[Web page caption snippets]
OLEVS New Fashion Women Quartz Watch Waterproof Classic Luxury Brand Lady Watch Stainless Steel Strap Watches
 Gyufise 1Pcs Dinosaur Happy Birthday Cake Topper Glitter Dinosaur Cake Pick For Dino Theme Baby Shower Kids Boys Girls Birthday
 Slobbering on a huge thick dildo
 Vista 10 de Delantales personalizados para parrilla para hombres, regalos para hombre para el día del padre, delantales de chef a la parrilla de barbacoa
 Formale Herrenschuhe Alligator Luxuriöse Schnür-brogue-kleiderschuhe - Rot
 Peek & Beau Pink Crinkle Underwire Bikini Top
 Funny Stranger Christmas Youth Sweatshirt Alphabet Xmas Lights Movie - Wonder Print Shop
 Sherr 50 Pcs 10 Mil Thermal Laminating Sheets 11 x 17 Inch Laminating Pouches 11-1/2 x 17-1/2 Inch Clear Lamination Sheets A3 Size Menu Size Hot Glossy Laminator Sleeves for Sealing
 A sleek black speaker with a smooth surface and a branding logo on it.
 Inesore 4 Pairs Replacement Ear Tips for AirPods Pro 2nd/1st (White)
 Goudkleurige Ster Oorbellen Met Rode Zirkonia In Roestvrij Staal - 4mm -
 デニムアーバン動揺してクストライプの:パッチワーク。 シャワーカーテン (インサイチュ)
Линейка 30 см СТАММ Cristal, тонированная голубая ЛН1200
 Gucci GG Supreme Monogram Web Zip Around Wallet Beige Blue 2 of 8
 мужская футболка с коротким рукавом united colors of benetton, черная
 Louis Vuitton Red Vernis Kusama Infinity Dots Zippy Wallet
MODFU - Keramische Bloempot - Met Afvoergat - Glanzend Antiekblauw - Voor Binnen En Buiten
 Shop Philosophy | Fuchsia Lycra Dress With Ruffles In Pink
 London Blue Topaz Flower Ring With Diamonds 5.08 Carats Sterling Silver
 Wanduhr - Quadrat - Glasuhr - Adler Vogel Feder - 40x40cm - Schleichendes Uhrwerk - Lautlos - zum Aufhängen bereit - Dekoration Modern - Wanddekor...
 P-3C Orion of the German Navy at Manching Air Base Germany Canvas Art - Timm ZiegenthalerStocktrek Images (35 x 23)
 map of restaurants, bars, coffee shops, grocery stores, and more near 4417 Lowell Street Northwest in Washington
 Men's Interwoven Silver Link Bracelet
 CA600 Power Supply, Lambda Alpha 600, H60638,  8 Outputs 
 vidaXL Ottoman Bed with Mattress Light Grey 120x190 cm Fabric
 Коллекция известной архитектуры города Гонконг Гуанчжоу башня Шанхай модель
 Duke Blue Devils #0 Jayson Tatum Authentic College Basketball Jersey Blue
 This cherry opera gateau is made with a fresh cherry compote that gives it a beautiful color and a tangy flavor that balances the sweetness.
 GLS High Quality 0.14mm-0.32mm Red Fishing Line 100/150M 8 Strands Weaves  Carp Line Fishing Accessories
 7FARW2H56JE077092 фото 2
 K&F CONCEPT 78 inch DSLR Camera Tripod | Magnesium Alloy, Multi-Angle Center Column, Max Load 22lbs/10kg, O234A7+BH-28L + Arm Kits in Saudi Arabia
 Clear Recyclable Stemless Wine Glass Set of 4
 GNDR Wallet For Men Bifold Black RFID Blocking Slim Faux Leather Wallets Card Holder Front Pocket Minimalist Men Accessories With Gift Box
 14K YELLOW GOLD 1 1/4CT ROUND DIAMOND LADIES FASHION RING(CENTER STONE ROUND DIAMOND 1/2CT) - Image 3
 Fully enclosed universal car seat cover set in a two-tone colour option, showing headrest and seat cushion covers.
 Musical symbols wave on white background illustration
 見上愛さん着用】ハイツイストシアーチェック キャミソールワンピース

# To do:
Would you retype the lines above from the one with "Gyufise 1Pcs Dinosaur" down to the one with "Peek & Beau", word for word, both ends included and no other lines?

# Your response:
 Gyufise 1Pcs Dinosaur Happy Birthday Cake Topper Glitter Dinosaur Cake Pick For Dino Theme Baby Shower Kids Boys Girls Birthday
 Slobbering on a huge thick dildo
 Vista 10 de Delantales personalizados para parrilla para hombres, regalos para hombre para el día del padre, delantales de chef a la parrilla de barbacoa
 Formale Herrenschuhe Alligator Luxuriöse Schnür-brogue-kleiderschuhe - Rot
 Peek & Beau Pink Crinkle Underwire Bikini Top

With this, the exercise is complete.